Playlist of the Week (2018/35)

Award winning choreographer Laura Kriefman's 'Star_Gazing' playlist is this week's POTW.

This week’s POTW is Star_Gazing by Laura Kriefman. It’s a crowd-sourced collection of songs about stars, space and the sky. I thought it would be an appropriate playlist for sitting outside after sundown, staring into space after a busy day in the heat of summer*.

Laura is an award winning choreographer, and founder of Hellion Trace, a Bristol-based company which specialises in ‘augmented dance’, bringing movement and technology together. A great example of their work was the Crane Dance in Bristol, where the group animated three cranes to music, captivating a live audience of 10,000 people – and a further 4 million online. Other creations have included a LED Dress that reacts to live sound, wearable controllers and a collection of street-installed constellations made of interactive lights that you have to step on to illuminate.

 

*If the weather isn’t behaving, please listen indoors – we don’t want you or your headphones to get wet!

A Worthwhile Detour

 

A couple of weeks ago, I went to a couple of events at Lincoln’s Sonophilia Festival (the UK one, not the one in Nebraska). One of these events was the Weird Garden experimental music club, and a chap called Dave C was demonstrating Lissajous curves by generating four tones using a Raspberry Pi and an Arduino board, then plotting these on an oscilloscope, projected so we could all see it. I thought that this would interest my Dad – he’s been known to experiment with a Raspberry Pi – and sent him some photos of the set-up.

Well, this started a conversation and a half. It basically headed in the direction of ‘you should learn some Digital Signal Processing’, with me misunderstanding what that might entail, thinking that it would involve circuit board design and a very steep learning curve. There was a lot of talk at cross-purposes, but Dad eventually explained I would need to learn some new programming skills, in a language called Visual DSP. The boards are already designed, so I wouldn’t need to worry about that, and you can do DSP on your computer, anyway, because computers already have the physical tools needed to do DSP.

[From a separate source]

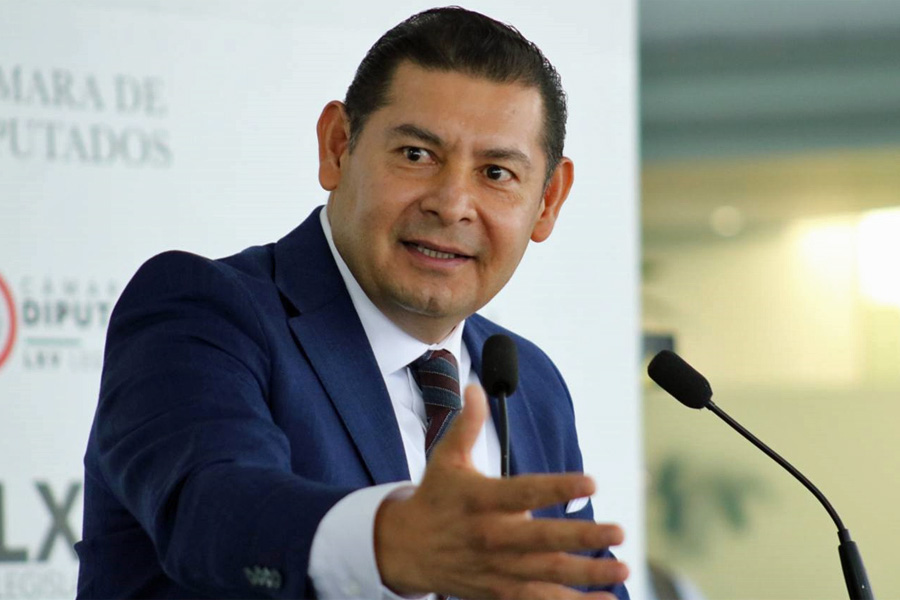 Modelo educativo de AMLO tiene el respaldo social: Armenta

I said I would look into it, so that I could possibly learn to present my music in a visual form when playing live. Any programming skills I pick up along the way are a bonus, anyway.  So, I enrolled on a several of Coursera courses, to check out the content, and got stuck into one of these, which I will follow through and hopefully complete.  This course isn’t specifically a DSP course, it is Creative Programming for Digital Media & Mobile Apps, but it seems to be pitched at about my level. It uses Java/Javascript (another language I haven’t used before) so any DSP I do when I get more advanced at programming might need to be via my computer, rather than an external board, unless there is a way round that… Actually, it looks like I can tell it to output the program in Python, the language that Raspberry Pi uses…. I have a lot to learn.

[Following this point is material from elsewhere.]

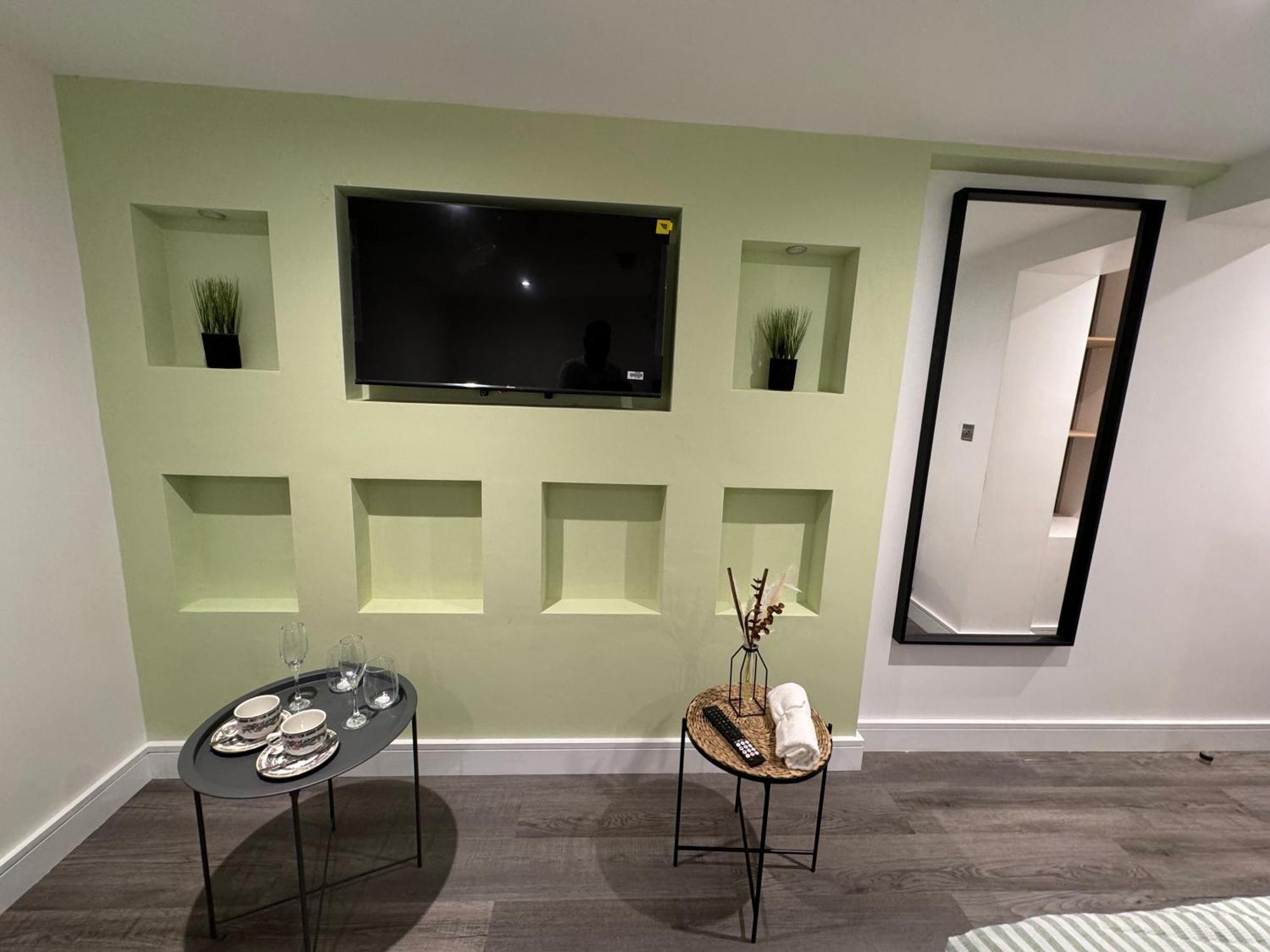 Southgate Luxury Apartments Elland Buitenkant foto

I’m still working my way through week 1 of the course, but the images above are all screenshots made from code that I put together* and then ran and interacted with to make art. I modified the code a little between each image captured.

Even if I get horribly stuck from here onward, I will have an app that I can use to make some unique album art!

*Disclaimer: my code also uses functions taken from a module coded by the course providers.